In this prospective, randomized controlled trial, the investigators assessed the safety and efficacy of treatment done in a 1:1 fashion to either treatment with DCB (n=60) or DES (n=60) between October 2014 and November 2017.

There was no significant difference in baseline characteristics or in angiographic features between the two groups. Patients received 1 year of treatment with dual antiplatelet therapy because of STEMI and periprocedural bivalirudin.

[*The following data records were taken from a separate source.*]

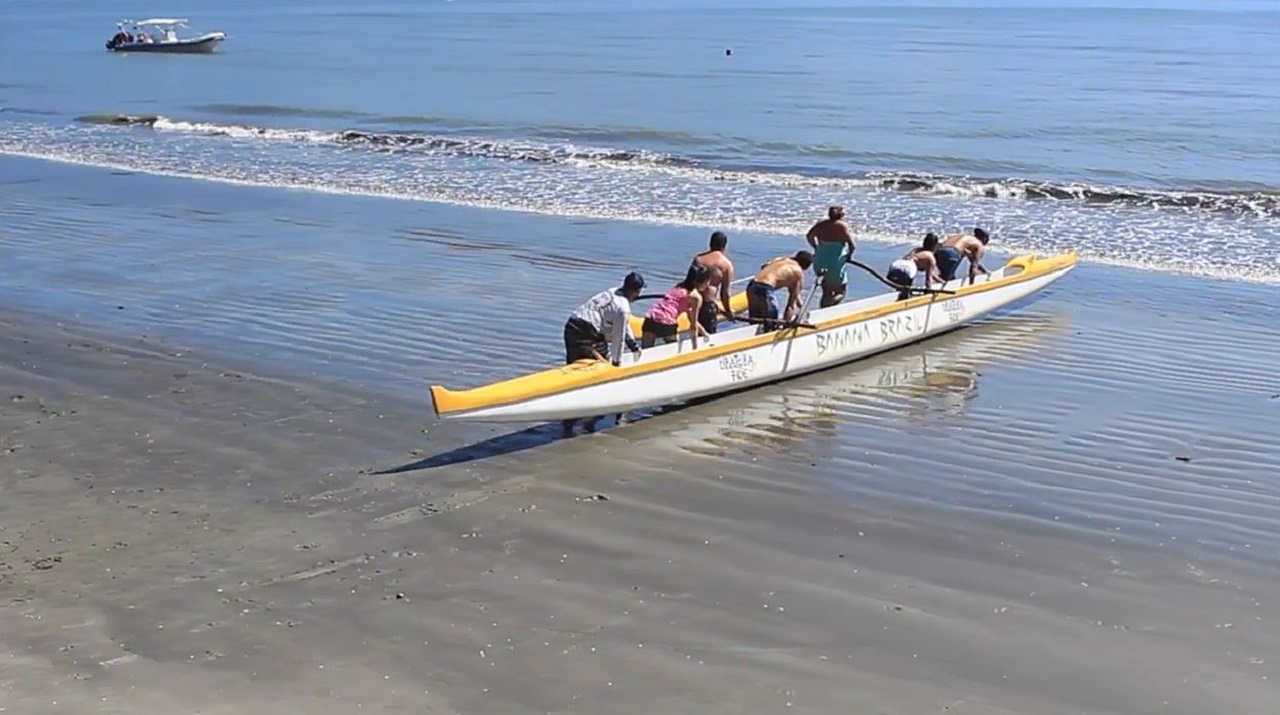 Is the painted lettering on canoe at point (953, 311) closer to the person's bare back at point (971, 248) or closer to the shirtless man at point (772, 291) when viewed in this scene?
the person's bare back at point (971, 248)

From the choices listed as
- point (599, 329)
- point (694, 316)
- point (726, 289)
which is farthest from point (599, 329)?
point (726, 289)

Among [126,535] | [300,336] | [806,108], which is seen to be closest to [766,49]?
[806,108]

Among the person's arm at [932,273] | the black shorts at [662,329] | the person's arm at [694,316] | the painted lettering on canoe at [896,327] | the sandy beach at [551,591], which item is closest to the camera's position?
the sandy beach at [551,591]

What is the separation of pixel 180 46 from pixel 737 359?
5834 centimetres

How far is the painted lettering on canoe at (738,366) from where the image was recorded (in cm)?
1180

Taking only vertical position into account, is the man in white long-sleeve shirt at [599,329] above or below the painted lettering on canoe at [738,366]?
above

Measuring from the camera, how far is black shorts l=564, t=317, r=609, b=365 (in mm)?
11008

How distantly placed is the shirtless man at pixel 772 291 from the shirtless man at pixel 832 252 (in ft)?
3.57

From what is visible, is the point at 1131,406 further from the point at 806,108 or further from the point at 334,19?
the point at 334,19

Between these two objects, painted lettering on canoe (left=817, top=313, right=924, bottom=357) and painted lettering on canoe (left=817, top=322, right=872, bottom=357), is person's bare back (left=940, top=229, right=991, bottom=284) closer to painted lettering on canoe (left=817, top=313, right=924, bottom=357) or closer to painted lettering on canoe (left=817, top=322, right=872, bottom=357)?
painted lettering on canoe (left=817, top=313, right=924, bottom=357)

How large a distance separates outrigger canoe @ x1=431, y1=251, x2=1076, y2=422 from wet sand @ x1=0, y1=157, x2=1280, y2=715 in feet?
0.82

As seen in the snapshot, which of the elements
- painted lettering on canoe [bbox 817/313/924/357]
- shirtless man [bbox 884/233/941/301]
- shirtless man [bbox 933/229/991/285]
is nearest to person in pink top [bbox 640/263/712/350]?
painted lettering on canoe [bbox 817/313/924/357]

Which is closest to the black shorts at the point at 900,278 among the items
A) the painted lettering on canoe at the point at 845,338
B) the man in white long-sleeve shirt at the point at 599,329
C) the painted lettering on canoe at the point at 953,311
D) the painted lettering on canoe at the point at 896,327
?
the painted lettering on canoe at the point at 953,311

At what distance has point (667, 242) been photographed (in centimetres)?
1925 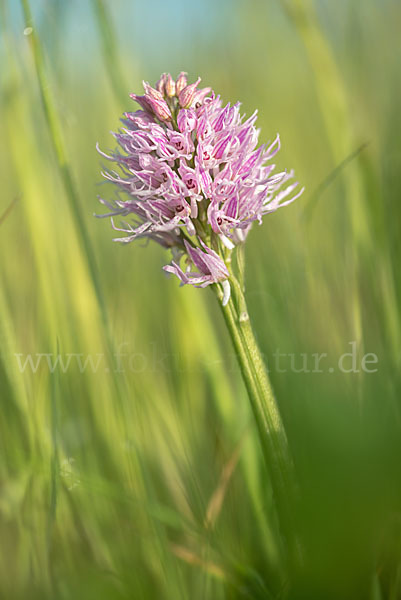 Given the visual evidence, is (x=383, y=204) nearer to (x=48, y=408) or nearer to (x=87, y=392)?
(x=87, y=392)

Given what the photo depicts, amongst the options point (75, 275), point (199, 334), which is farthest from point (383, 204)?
point (75, 275)

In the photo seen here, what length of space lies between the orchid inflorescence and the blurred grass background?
0.16 meters

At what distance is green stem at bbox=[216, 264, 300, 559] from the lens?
79 centimetres

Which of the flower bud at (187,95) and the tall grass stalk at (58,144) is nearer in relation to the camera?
the flower bud at (187,95)

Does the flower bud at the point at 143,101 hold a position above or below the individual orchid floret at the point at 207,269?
above

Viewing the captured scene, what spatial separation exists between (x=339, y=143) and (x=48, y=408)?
1203 millimetres

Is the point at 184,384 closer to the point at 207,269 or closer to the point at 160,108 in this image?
the point at 207,269

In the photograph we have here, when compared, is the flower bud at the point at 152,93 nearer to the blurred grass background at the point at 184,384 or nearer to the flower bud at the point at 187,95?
the flower bud at the point at 187,95

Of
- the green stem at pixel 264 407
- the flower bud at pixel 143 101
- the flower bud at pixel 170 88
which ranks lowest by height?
the green stem at pixel 264 407

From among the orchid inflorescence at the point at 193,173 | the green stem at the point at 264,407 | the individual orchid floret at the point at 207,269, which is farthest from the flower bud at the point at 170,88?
the green stem at the point at 264,407

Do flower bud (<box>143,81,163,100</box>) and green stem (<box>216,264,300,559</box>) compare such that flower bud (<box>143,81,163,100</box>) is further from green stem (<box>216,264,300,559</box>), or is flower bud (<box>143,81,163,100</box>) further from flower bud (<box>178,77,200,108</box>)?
green stem (<box>216,264,300,559</box>)

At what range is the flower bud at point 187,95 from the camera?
0.85 meters

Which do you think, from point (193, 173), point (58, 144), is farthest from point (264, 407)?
point (58, 144)

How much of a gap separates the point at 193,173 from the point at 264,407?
381 millimetres
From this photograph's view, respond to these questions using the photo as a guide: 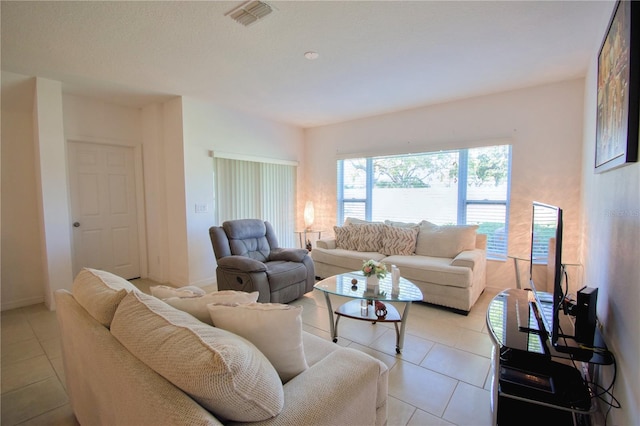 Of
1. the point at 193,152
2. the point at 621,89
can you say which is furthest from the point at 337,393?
the point at 193,152

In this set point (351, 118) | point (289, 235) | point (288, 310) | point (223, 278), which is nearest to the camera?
point (288, 310)

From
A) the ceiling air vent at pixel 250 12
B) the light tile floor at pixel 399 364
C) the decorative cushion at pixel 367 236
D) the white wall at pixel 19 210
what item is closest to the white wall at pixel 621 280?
the light tile floor at pixel 399 364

Successful PPCI was defined as diameter stenosis less than 30% and thrombolysis in myocardial infarction flow grade 2 or higher for DCB angioplasty, and DS less than 20% and thrombolysis in myocardial infarction flow grade 2 or higher for stent use. Patients were contacted by telephone at 1 month and yearly up to 5 years after they were randomly selected, in addition to clinical follow-up during the index hospitalization and at 9 months.

The mean fractional flow reserve measured at 9-months follow-up of patients assigned to be treated with DCB (n=35) was 0.92±0.05 and 0.91±0.06 in patients treated with DES.

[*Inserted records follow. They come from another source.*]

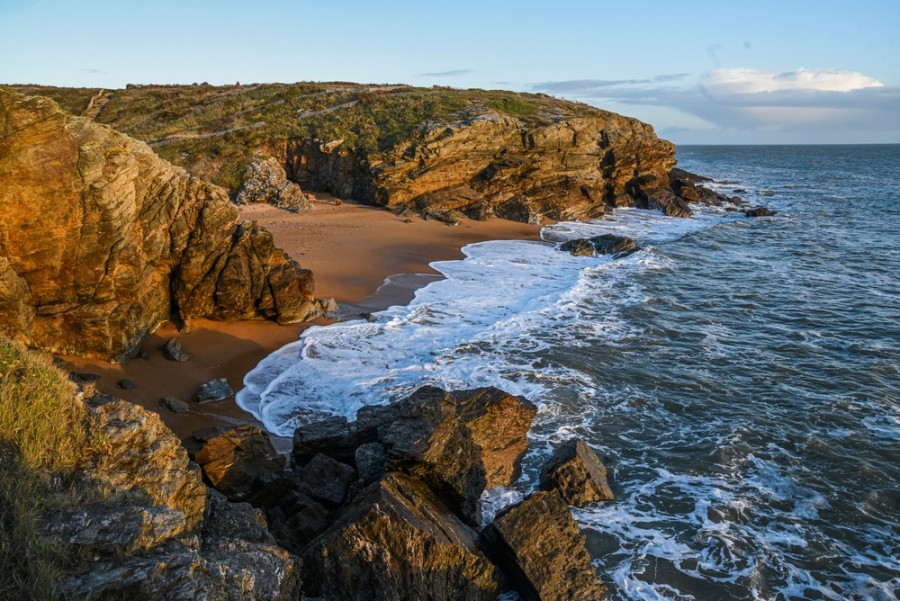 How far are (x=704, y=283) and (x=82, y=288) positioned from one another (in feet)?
69.7

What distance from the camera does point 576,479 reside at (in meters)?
10.1

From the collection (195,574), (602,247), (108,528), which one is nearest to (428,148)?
(602,247)

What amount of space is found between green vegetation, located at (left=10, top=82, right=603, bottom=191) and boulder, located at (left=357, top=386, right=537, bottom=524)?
89.5ft

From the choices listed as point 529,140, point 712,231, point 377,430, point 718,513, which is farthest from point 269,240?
point 712,231

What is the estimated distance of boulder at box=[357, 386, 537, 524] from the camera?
9.17 meters

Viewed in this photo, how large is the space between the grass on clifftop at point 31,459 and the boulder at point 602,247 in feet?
81.7

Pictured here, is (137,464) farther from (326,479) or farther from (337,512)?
(326,479)

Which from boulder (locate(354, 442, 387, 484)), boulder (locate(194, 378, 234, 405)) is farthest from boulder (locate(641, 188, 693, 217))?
boulder (locate(354, 442, 387, 484))

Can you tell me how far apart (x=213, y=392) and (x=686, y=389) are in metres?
10.6

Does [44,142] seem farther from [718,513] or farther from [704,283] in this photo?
[704,283]

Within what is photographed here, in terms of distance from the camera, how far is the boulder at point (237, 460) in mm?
9344

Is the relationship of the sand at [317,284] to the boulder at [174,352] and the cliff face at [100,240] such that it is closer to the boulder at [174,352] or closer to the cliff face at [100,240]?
the boulder at [174,352]

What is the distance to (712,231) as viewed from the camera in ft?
121

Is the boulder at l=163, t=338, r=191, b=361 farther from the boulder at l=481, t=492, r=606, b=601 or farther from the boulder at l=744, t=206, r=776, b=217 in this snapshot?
the boulder at l=744, t=206, r=776, b=217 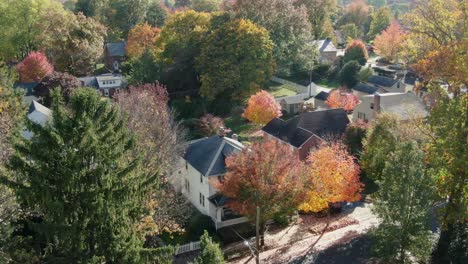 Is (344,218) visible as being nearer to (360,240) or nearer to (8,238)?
(360,240)

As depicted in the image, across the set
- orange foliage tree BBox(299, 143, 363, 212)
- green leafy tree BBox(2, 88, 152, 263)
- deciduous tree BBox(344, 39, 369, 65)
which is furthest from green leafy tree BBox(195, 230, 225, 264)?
deciduous tree BBox(344, 39, 369, 65)

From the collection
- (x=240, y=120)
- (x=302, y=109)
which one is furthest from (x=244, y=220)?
(x=302, y=109)

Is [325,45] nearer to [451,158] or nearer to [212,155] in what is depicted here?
[212,155]

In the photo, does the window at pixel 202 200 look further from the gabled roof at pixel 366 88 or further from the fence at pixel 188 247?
the gabled roof at pixel 366 88

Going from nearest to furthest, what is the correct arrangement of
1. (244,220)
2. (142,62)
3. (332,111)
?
(244,220) < (332,111) < (142,62)

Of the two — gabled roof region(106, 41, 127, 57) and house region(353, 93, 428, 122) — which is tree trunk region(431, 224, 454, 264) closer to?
house region(353, 93, 428, 122) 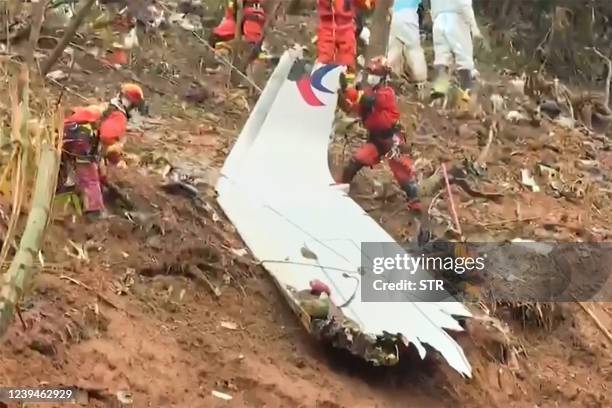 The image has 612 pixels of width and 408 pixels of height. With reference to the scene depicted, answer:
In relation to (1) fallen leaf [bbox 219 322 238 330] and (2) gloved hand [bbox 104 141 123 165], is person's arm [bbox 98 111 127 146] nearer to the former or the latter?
(2) gloved hand [bbox 104 141 123 165]

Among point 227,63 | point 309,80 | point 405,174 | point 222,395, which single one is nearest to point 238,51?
point 227,63

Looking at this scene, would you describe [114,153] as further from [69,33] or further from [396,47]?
[396,47]

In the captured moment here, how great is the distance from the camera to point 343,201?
1.51m

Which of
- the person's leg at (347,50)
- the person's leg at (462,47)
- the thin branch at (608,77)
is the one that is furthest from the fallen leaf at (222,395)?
the thin branch at (608,77)

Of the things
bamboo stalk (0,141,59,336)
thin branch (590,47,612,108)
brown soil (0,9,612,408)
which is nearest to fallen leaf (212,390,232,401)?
brown soil (0,9,612,408)

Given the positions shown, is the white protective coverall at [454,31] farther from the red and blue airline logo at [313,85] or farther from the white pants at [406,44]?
the red and blue airline logo at [313,85]

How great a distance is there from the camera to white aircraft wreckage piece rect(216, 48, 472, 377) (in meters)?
1.45

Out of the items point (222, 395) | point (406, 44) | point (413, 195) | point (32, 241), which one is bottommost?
point (222, 395)

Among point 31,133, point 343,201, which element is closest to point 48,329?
point 31,133

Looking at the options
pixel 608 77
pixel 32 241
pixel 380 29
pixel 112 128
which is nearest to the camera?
pixel 32 241

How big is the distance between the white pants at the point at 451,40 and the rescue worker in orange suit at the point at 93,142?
19.7 inches

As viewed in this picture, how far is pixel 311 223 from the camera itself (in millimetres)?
1458

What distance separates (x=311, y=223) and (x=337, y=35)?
0.31 meters

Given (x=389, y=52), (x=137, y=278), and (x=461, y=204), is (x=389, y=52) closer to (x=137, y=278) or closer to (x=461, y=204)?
(x=461, y=204)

Noninferiority of DCB with DES was established based on a mean difference of 0.008 with a standard error difference of 0.012 (95% CI, -0.018 to 0.032; 1-sided P =.27).

No deaths were reported at 9-months follow-up, and target lesion revascularization was available for 112 out of 120 patients. The mean left ventricular ejection fraction at 9 months was 57.1±6.2% in the DCB group and 58.4±7.1% in the DES group (P =.38).

This study is limited by the relatively small number of patients included and the fairly high dropout rate during follow-up.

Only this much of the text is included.